> WHAT TO PRODUCE
Leave out pictures; repeat exactly the lines from the "646313399 Holiday Inn" line through the last of the data below.

> RECORDS PROVIDED

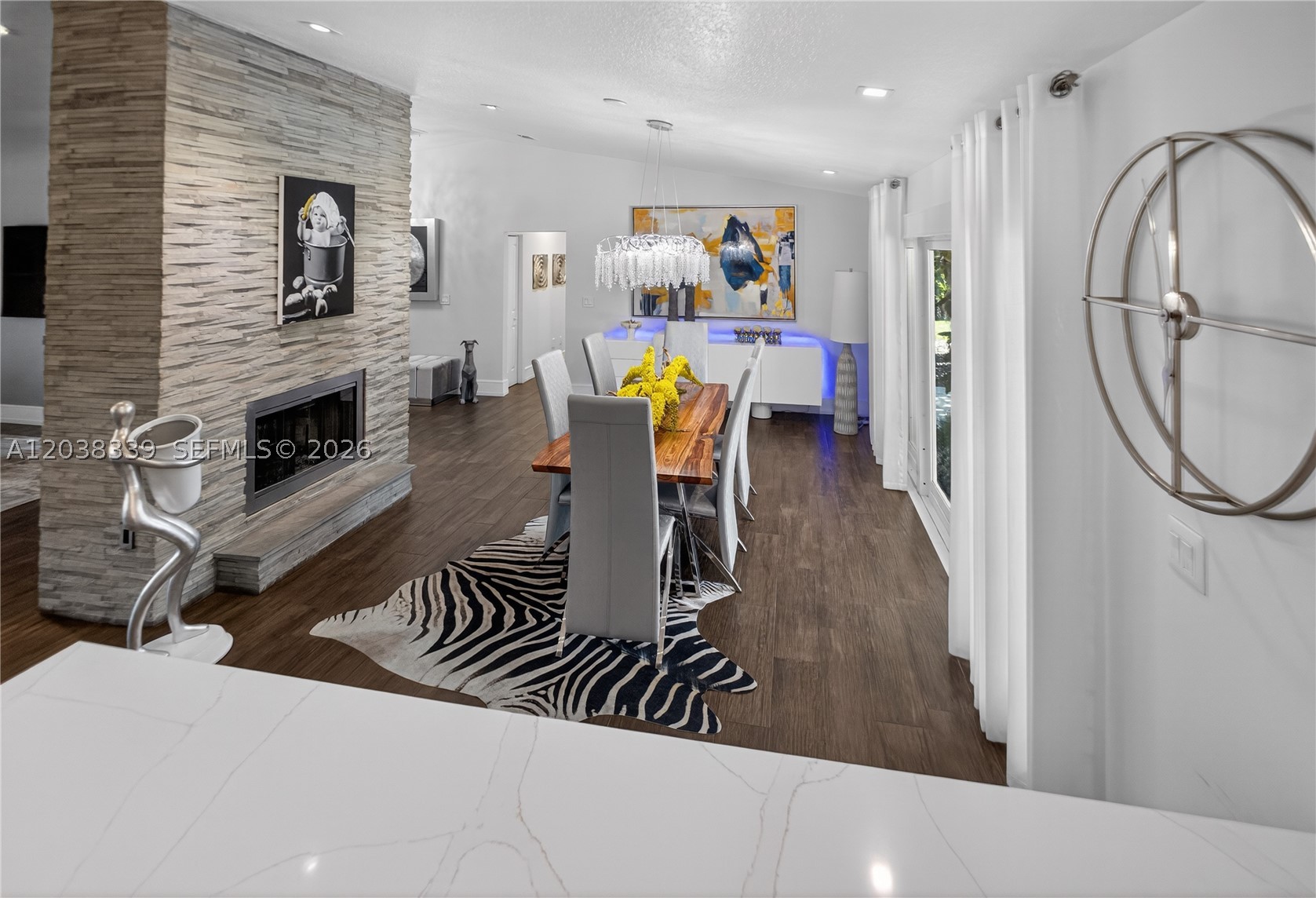KINGS GROVE - Residential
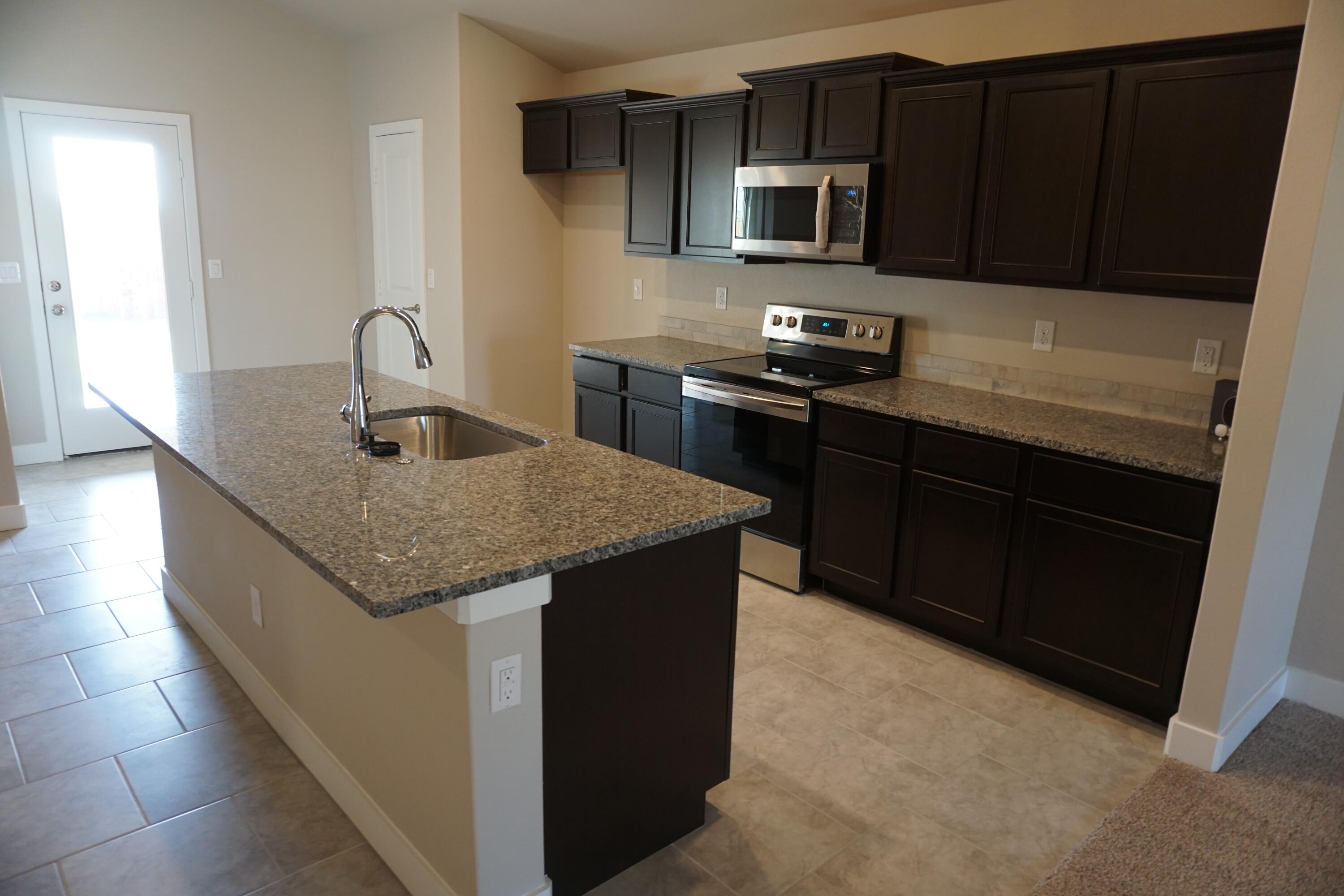 7517 31st Street Property Photo 3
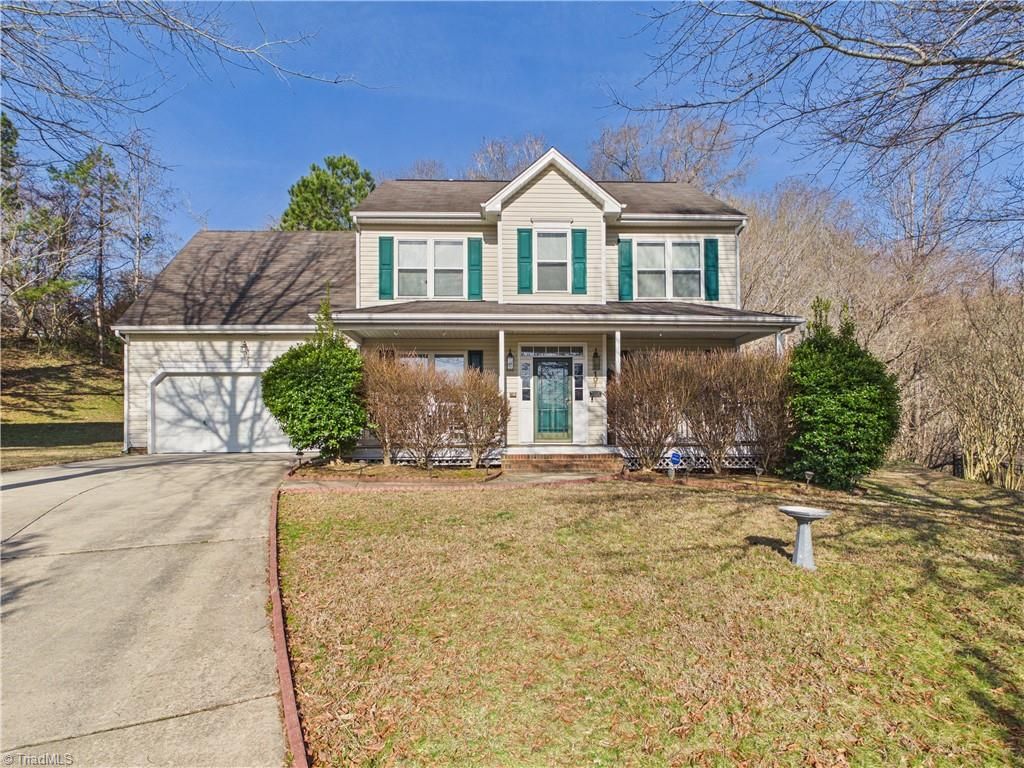 Photo of 107 Farriers Lane, Jamestown, NC 27282 (MLS # 1212824)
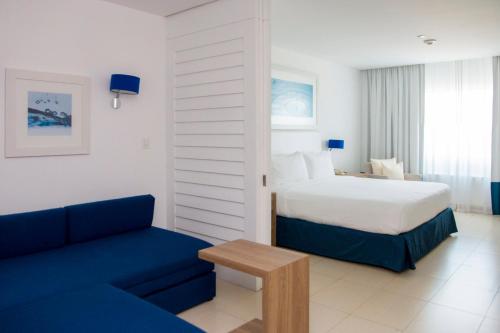 646313399 Holiday Inn Acapulco La Isla by IHG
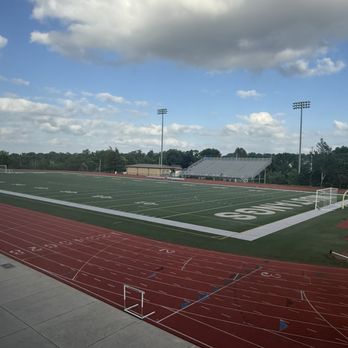Dubuque Senior High School - Middle Schools & High Schools Near Me - Dubuque, Iowa
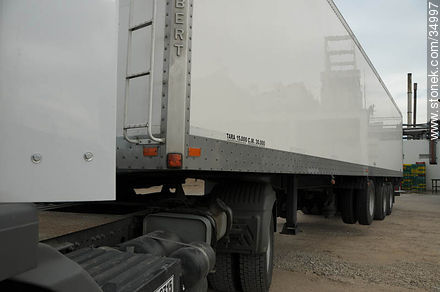 Camión de carga - Departamento de Río Negro - URUGUAY. Foto No. 34997
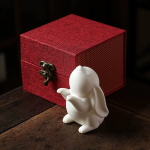 Tea pet konijn van keramiek, mat of glanzend — Zittend mat met cadeauverpakking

> TASK RESPONSE
 646313399 Holiday Inn Acapulco La Isla by IHG
Dubuque Senior High School - Middle Schools & High Schools Near Me - Dubuque, Iowa
 Camión de carga - Departamento de Río Negro - URUGUAY. Foto No. 34997
 Tea pet konijn van keramiek, mat of glanzend — Zittend mat met cadeauverpakking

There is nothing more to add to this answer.